'God Bless the whole world; we need each other,' shouted international reggae star Rocky Dawuni to a crowd of about 5,000 people during the Fourth of July concert at Palisades Charter High School's football stadium.
Dawuni, a Pacific Palisades resident and the headliner for the pre-fireworks concert series, opened with an upbeat performance of 'My Love,' followed by 'This Is Reggae,' 'Wake the Town,' 'Walls Tumblin' Down,' 'Extraordinary Woman,' 'Jammin' Nation' and 'Afro Roots Vibration'.
Around the stage, people jumped up and down, clapping their hands to the beat and singing along to the uplifting music. Happy children sat atop a parent's shoulders, waving American flags.
Pleased with the turnout, Palisades resident Keith Turner, who has organized the concert before the fireworks show for the past four years, said, 'People are definitely making it a part of their tradition. Every year, we see more and more people packing up the barbeques early and coming down here to enjoy the music.
Connie Kail, an 18-year Palisades resident and reggae and world music lover who met Bob Marley in 1973, certainly had a great time: 'I loved Rocky and his group; they were terrific.' She received four passes to the concert for winning the Fourth of July dolphin-naming contest with her entry, 'Splash.'
In addition to Dawuni, Kail was also impressed with the UCLA Cello Quartet's heavy-metal performance of Apocalyptica's 'Hyperventilation' because of it's unique sound.
The group, (Chloe Knudsen-Robbins, Suji Kang, Eunice Heo and Phoebe Ping), played an eclectic selection of music, including Astor Piazzolla's 'La Muerte del Angel,' The Beatles' 'Eleanor Rigby,' Peter Schickele's 'Aria' and John Philip Sousa's 'Stars and Stripes Forever.'
The 34 Palisades High and Paul Revere Middle School band members delighted the crowd with classic Americana songs such as 'Fantasy on Yankee Doodle,' 'March of the Belgian Paratroopers,' 'At a Dixieland Jazz Funeral' and 'Heroes on Parade.'
Later, The House Band (John Nahra, Keith Turner, Doug Masterson, Sheldon Cohn and Andy Stewart) had concertgoers on their feet dancing to Tom Petty & the Heartbreakers' 'American Girl' (with a guest appearance by Rob Weber on the drums), The Move's 'California Man' and Chuck Berry's 'Back in the USA,' plus two original songs.

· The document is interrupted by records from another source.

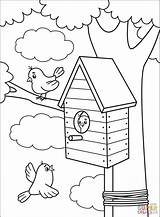 Coloring Bird Birdhouse sketch template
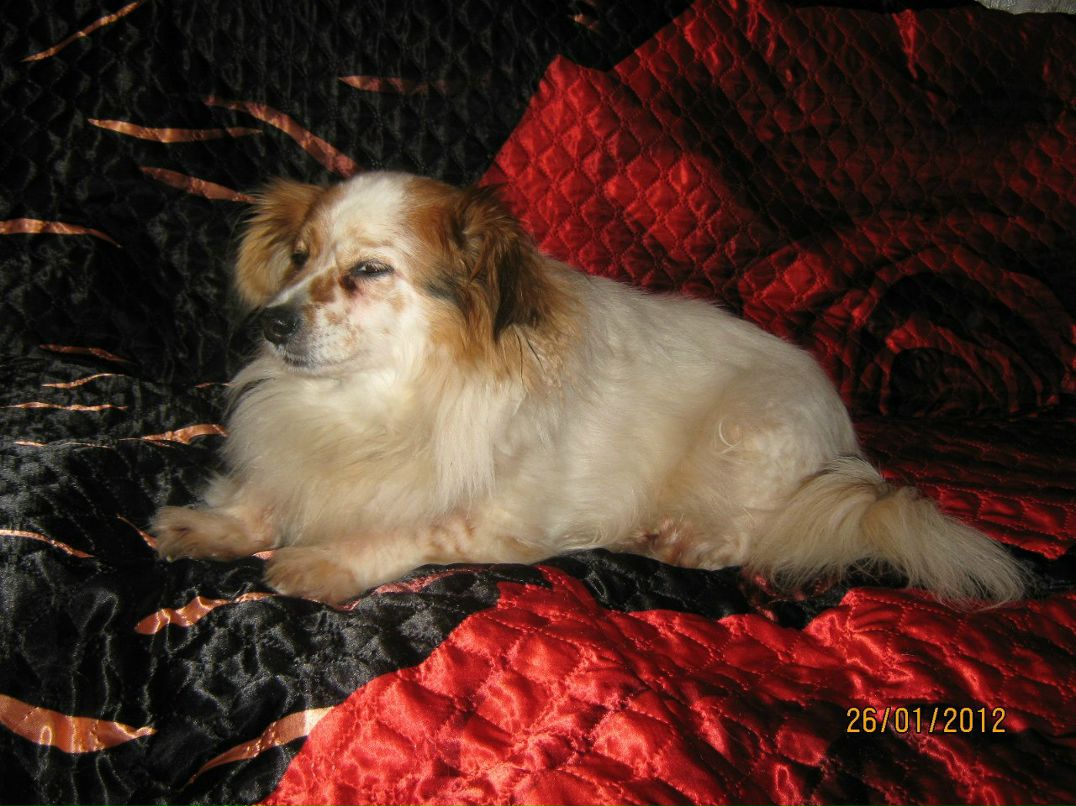 Наталья Палагичева | Санкт-Петербург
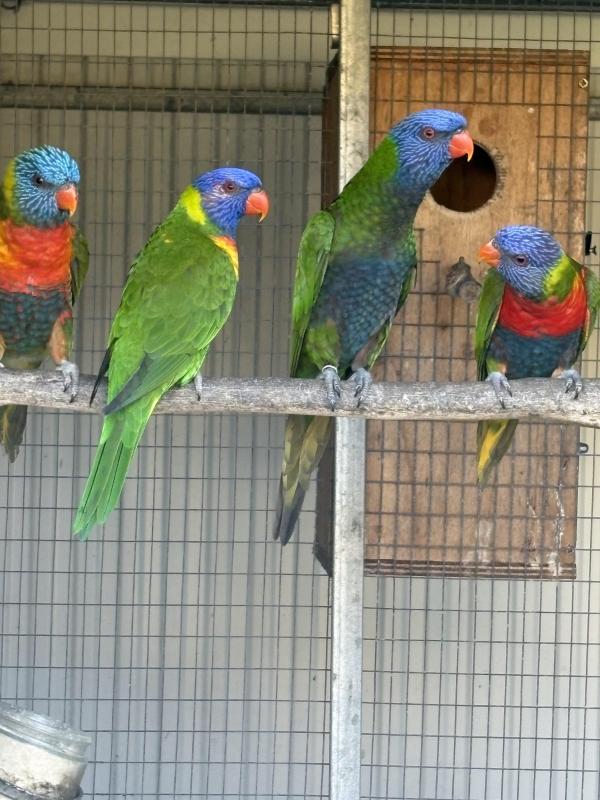 Rainbow Lorikeets
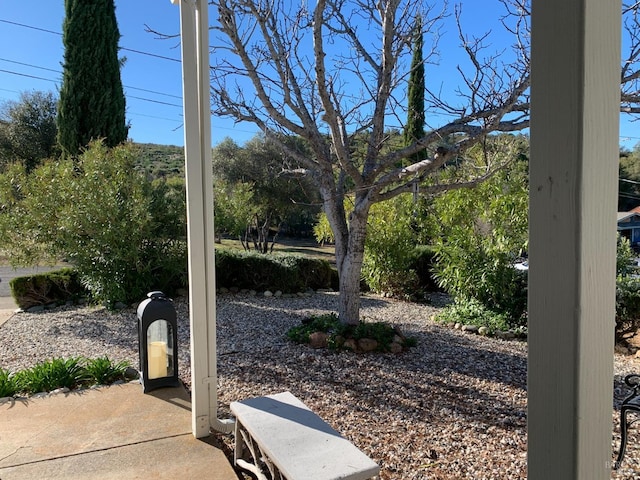 view of yard featuring a patio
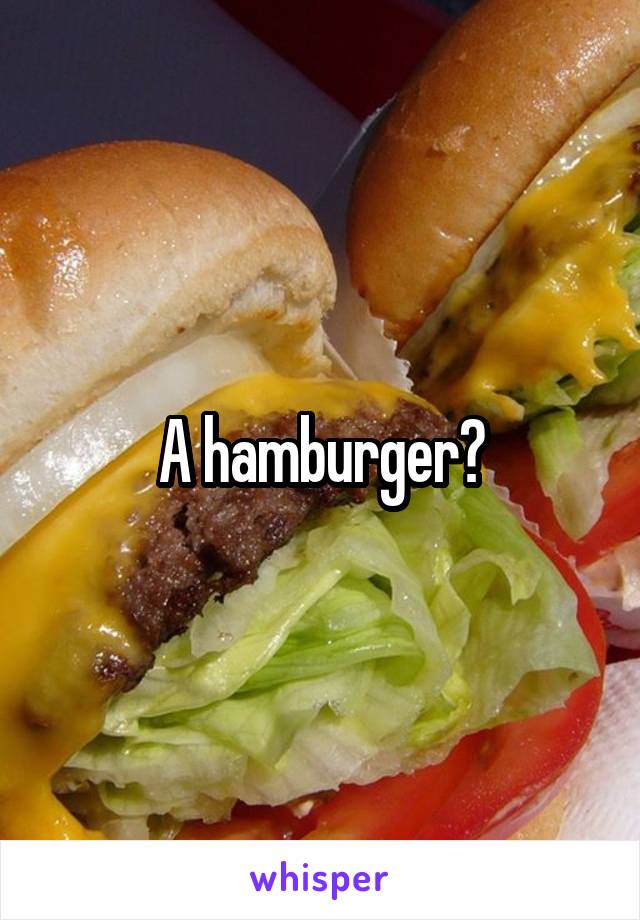 A hamburger?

With huge grins, Paige Glover, 7, of Bel-Air, and Katie Gallagher, 7, of Beverly Hills held hands spinning in circles.
'We come every year for the parade, concert and fireworks show,' said Katie's mother Juli. 'There is nothing like it in Los Angeles. It feels like small-town America ' it's exactly what you want on the Fourth of July'.
Pacific Palisades residents Scott and Ruth Weston, who have been married for 21 years, boogied near the front of the stage.
'In college, Scott got a license plate that said 'Dance or Die,'' Ruth said, noting that the license plate is now on her car. 'It's kind of our motto'.
The Westons, who have lived in Pacific Palisades since 1995, decided to attend the concert for the first time this year. They are friends with members of The House Band, and the couple also wanted to see Dawuni and Set Theory, a band of Harvard-Westlake and Windward School graduates who are friends with their 18-year-old son.
Set Theory entertained with their own arrangement of 'When Johnny Comes Marching Home,' John Ellis' 'All up in the Aisles,' Paul Simon's 'Still Crazy After All These Years' and Duke Elton's 'Caravan.' The jazz band members include Jordan Bryan and Hank Adelman (Pacific Palisades residents), Isaac Wilson, Spencer Horstman, Nick Chuba and Gabriela Leslie.
When Bryan came off stage, he smiled, saying he had wanted to play at this venue since he attended his first concert there three years ago. 'It was awesome. I have never played in front of such a large crowd'.
At one point in the concert, Palisadian-Post Citizen of the Year Rich Wilken asked everyone to sit, so the veterans could stand and be saluted for their service. Lee Greenwood's 'God Bless the U.S.A' played over the loud speakers, and when Greenwood reached the point in the song where he sang, 'and I gladly stand up next to you and defend her still today,' everyone in attendance rose.
For the last song of the night, Palisades Americanism Parade Association secretary Rob Weber and his daughter, Tamar, took the stage alongside Dawuni singing, 'This Land Is My Land'.
'It was a thrill,' Weber said afterwards. 'Rocky is a wonderful musician and person'.
Then came what everyone was waiting for: the fireworks display by Pyro-Spectaculars, with master blaster Venice Hartwell and powder monkeys Kendrick and Getty Hartwell ceremoniously setting off the first pyrotechnics.